Prof. Myles Allen, Professor of Geosystem Science, University of Oxford, said:
“It’s only a matter of time before some bright spark comes out with ‘emissions fell last year while temperatures rose to record heights, PROVING they aren’t connected’ — but, of course, temperatures respond to the accumulation of carbon dioxide in the atmosphere, not the rate of emission in any given year.
“So to stop temperatures rising, net emissions need to be reduced to zero. But for that, emissions need to peak first. So evidence that it is possible to grow the world economy while reducing emissions is of course good news.
“Is this the beginning of the end of global warming? Probably not. But let’s hope it is the end of the beginning.”
Prof. Michael Grubb, Professor of International Energy and Climate Change Policy at University College London, and Editor-in-Chief, Climate Policy journal, said:
“Three big messages in this study could transform the global debate. The trend of rapid global emissions growth has been broken: this keeps 2 deg.C in play. China is starting to win its battle with coal consumption: the question for the next decade is whether coal reductions can offset its consumer-driven growth in oil and gas. And the hard-won policies for clean energy in Europe, and increasingly the US, are delivering: sustained 2%/yr emission reductions over the past decade have accelerated to 4%/yr for the past two years in the EU. There could hardly be better news to help the Paris conference in its final days.”

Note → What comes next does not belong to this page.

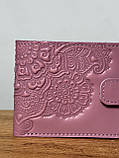 Шкіряний гаманець з тисненим орнаментом ручної роботи, фото 2
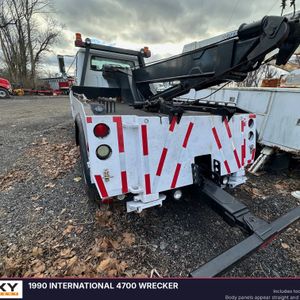 1990 INTERNATIONAL 4700 Wrecker - view 6 of 30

Prof. David Reay, Professor of Carbon Management at the University of Edinburgh, said:
“These studies show just how crucial breaking our dependency on coal really is. The recent slowdown in coal burning and stalling of CO2 emissions gives hope that we can soon start moving down a global decarbonisation path.
“Be in no doubt, there is a long, long way still to go. To stay within the 2 degrees global warming target emissions can’t just stall, they need to fall.

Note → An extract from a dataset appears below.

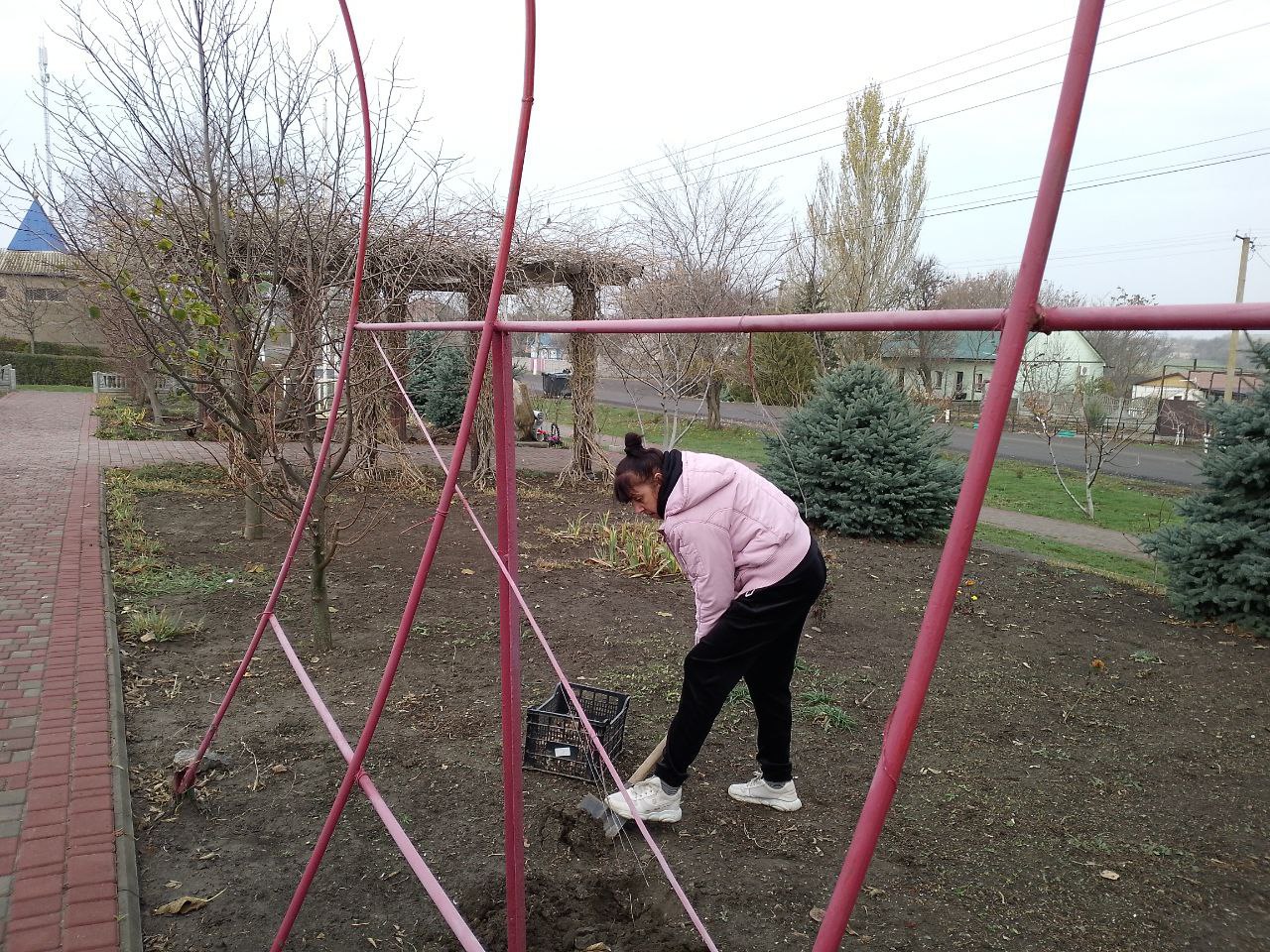 В селе Астраханка сотрудники МБУ «Жилсервис» проводят работы по благоустройству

“Whether 2015 is the year we truly turn the corner on global emissions or is just a blip in the upward march towards dangerous climate change now depends on Paris.”
Dr Tim Osborn, Reader at the Climatic Research Unit, University of East Anglia (UEA), said:
“Lower-than-expected CO2 emissions in 2015 are welcome, but 2015 emissions are still higher than in every year up to 2013 and CO2 is still accumulating in the atmosphere because we are adding it (through our emissions) more quickly than natural processes are able to remove it from the atmosphere and store it in the oceans and forests.”
‘Reaching peak emissions’ by Robert B. Jackson et al. published in Nature Climate Change on Monday 7 December.